Recent history: AP would behave normally and could successfully change lanes when directed to. If for any reason AP was aborted it could not be enabled again due to lack of lane lines.

Today: AP would behave normally, including offering a lane change when relevant, but abort and exit AP as soon as you said to do so. Lane keeping was tolerable, but not as good as it used to be. At times, the red hands-on-the-wheel prompt would appear several times a second which was rather annoying. However, nearly all of the time AP could be re-enabled when in the right hand lane (though not in the left lane).

Verdict: This is regressive in terms of capabilities (cannot change lanes, ability to keep lane). It is also more cautious (red nags). This suggests that the underlying code has changed significantly rather than being iterative. I strongly suspect that it is geared for HW3. The nags could be a reflection of lower confidence on the slower hardware, but it could also reflect a greater (more refined) awareness so it knows to nag the user because there are no lane lines.

Although there were multiple lane encroachments from semis, only once did my car react and move away from it. Still, even once is more than it would do in previous versions and that is a much welcomed change.

Taking exit ramps was better. One was around 20mph and Tesla did it. The approach to the exit was slower than warranted to the point that it invited other traffic to cut in front (which can be dangerous), but in all it was a definite improvement and the first time I've not had to take over in a clover leaf.

Taking an exit that split into three lanes where I needed the left most I was tugging to turn toward the left which might be why it happened, but I was pleased that AP didn't abort. What I would really like would be it to recognize turn signals and pick lanes accordingly -- sometime in the future I suppose.

Multiple times AP braked due to caution in situations where I do not believe it used to and I would not have. Nor, I suspect, would any but the most cautious of drivers. Still, the braking was slight and caused no issue. The speed drop was slight and immediately regained. It is always possible that the braking was done deliberately to attract driver attention, but that is likely reading too much into it.

I've read someone else describing the following experience, but this was a first for me. I was needing to merge right and trailing traffic was a bit close. The car started the lane change, swung back, and then did the lane change. This was different than the usual aborted lane changes -- for starters because it completed it.

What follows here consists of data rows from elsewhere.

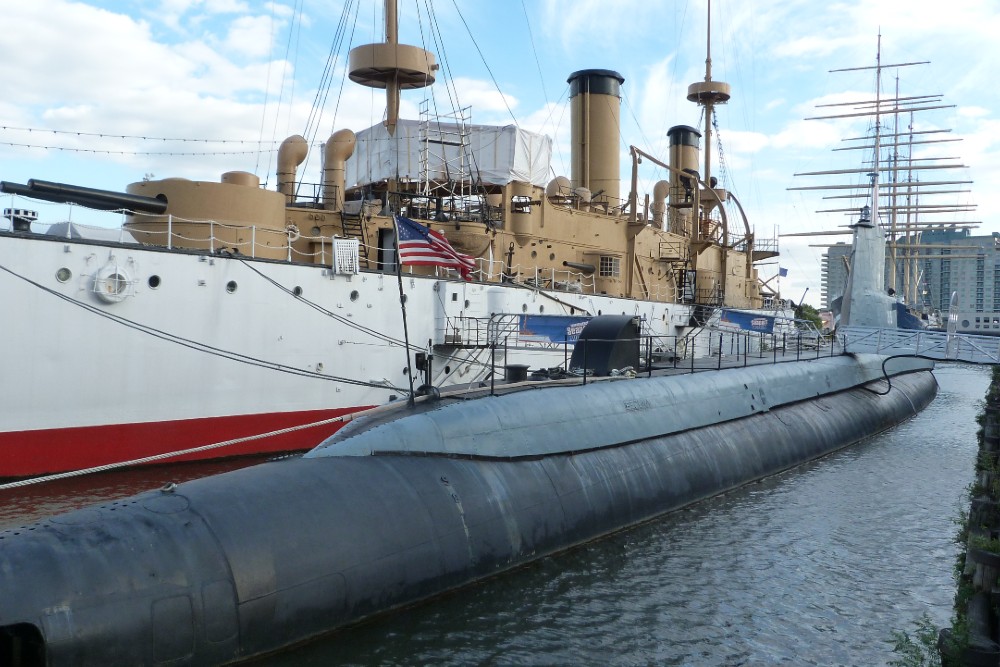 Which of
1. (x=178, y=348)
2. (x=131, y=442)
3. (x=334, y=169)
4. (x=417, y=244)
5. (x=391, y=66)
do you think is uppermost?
(x=391, y=66)

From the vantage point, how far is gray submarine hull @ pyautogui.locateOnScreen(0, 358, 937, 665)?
6355 millimetres

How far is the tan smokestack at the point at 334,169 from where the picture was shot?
2258 centimetres

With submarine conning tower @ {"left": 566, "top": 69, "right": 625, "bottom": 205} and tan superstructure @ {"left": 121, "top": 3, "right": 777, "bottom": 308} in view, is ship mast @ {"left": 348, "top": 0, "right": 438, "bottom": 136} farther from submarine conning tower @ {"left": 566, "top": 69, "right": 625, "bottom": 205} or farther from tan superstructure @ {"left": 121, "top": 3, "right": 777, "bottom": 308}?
submarine conning tower @ {"left": 566, "top": 69, "right": 625, "bottom": 205}

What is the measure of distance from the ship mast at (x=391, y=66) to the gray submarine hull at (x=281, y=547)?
14896mm

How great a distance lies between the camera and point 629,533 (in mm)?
12258

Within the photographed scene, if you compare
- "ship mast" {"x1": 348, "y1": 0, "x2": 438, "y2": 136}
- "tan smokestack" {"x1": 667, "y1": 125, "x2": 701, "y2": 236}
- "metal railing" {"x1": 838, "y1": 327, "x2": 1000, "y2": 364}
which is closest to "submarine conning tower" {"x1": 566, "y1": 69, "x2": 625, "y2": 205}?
"tan smokestack" {"x1": 667, "y1": 125, "x2": 701, "y2": 236}

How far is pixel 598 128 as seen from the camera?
31.6 metres

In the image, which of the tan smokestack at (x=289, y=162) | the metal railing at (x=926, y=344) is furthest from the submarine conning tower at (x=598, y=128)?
the tan smokestack at (x=289, y=162)

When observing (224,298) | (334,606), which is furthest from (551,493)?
(224,298)

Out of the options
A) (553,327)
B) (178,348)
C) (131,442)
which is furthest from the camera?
(553,327)

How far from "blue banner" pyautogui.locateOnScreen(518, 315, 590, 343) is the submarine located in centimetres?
432


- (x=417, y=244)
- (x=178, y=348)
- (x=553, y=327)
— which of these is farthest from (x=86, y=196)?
(x=553, y=327)

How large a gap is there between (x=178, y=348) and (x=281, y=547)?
9.26 m

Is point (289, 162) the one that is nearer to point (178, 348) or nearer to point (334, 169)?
point (334, 169) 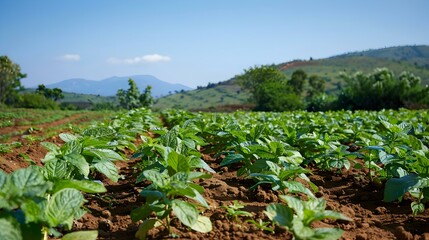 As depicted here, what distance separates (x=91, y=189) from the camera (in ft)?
6.46

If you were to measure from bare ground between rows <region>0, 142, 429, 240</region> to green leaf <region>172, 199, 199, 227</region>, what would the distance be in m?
0.26

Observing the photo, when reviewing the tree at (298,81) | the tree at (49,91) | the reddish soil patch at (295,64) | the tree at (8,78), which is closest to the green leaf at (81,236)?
the tree at (8,78)

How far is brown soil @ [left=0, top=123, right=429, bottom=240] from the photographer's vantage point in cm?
235

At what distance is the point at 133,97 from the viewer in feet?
171

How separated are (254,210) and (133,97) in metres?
50.9

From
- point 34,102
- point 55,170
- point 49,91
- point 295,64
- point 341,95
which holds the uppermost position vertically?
point 295,64

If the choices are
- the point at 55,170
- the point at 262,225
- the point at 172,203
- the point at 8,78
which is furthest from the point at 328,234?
the point at 8,78

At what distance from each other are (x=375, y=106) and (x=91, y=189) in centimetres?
3337

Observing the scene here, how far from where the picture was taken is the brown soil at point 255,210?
7.72ft

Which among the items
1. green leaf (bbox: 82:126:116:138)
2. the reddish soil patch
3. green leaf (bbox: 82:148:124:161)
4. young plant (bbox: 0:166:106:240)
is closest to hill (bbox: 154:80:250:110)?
the reddish soil patch

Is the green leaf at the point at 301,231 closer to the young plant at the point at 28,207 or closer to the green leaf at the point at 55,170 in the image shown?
the young plant at the point at 28,207

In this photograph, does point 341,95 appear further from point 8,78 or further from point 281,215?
point 8,78

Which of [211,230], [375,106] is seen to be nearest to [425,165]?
[211,230]

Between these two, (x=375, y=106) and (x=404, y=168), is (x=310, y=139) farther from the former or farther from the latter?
(x=375, y=106) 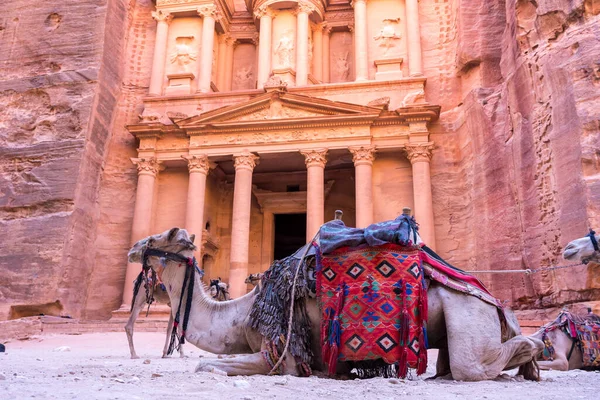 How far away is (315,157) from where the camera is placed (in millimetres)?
18922

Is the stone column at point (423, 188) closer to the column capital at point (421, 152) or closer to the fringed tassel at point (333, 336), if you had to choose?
the column capital at point (421, 152)

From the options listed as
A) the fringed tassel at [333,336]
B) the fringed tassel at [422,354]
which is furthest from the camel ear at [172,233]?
the fringed tassel at [422,354]

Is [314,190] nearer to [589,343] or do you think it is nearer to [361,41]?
[361,41]

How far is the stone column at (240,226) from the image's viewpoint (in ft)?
58.9

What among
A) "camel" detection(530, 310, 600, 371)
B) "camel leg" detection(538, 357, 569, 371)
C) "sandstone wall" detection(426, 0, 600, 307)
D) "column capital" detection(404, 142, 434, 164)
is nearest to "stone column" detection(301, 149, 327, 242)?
"column capital" detection(404, 142, 434, 164)

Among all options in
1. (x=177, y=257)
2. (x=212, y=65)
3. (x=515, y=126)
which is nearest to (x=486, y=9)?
(x=515, y=126)

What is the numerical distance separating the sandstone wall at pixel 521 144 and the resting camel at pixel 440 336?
6.96 metres

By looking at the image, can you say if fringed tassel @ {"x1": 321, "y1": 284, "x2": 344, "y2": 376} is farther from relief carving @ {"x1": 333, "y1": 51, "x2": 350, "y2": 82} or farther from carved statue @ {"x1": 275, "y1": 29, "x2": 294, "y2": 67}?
relief carving @ {"x1": 333, "y1": 51, "x2": 350, "y2": 82}

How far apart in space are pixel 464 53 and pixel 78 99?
14039 millimetres

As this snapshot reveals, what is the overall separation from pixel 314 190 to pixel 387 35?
7725mm

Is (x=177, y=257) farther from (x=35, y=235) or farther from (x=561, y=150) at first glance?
(x=35, y=235)

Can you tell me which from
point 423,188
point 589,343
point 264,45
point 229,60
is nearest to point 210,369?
point 589,343

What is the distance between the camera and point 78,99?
1895cm

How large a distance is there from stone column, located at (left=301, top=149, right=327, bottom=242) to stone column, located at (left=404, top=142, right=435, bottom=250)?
126 inches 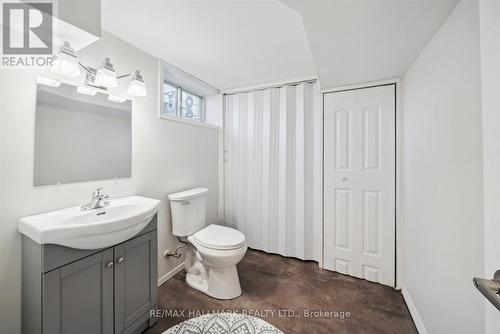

I immediately thought of the previously proffered explanation: namely, that it did the first approach to encourage the trailing car to back off.

I'm not sure whether the behavior is actually an expected part of the programming, but it was definitely distinct from aborted lane changes -- like one I experienced on a previous trip where the Tesla had started the lane change and a car behind me ignored my right of way and forced into the lane anyway. In that case my Tesla did the right thing: it immediately aborted the lane change and returned to its lane of travel.

Although I was unable to drive with confirmation turned off, I did attempt to always confirm when prompted. I didn't only a few times, the majority was how the Tesla wanted to drive. An example where I did not confirm was a faster car approaching from behind. They were distant enough that I know most drivers would have pulled out to pass regardless (I know, because I see this constantly on the interstate), but for me it is part of driving etiquette. Another example would be changing to the left lane for traffic stopped on the right shoulder.

Tesla should really do this. Sure, the car has good reflexes, but earlier this year I passed an accident where a pickup did not do so and a semi pulled in front of him. I didn't see it as it happened so I have no idea about the particulars of the circumstance, but not matter how safe your car is you don't want to slam into what amounts to a stationary semi while going interstate speed. It is also the law in some states.

All in all v10 didn't seem that different to me from prior versions. I already highlighted the notable differences which represented a small fraction of the drive, the rest was just business as usual.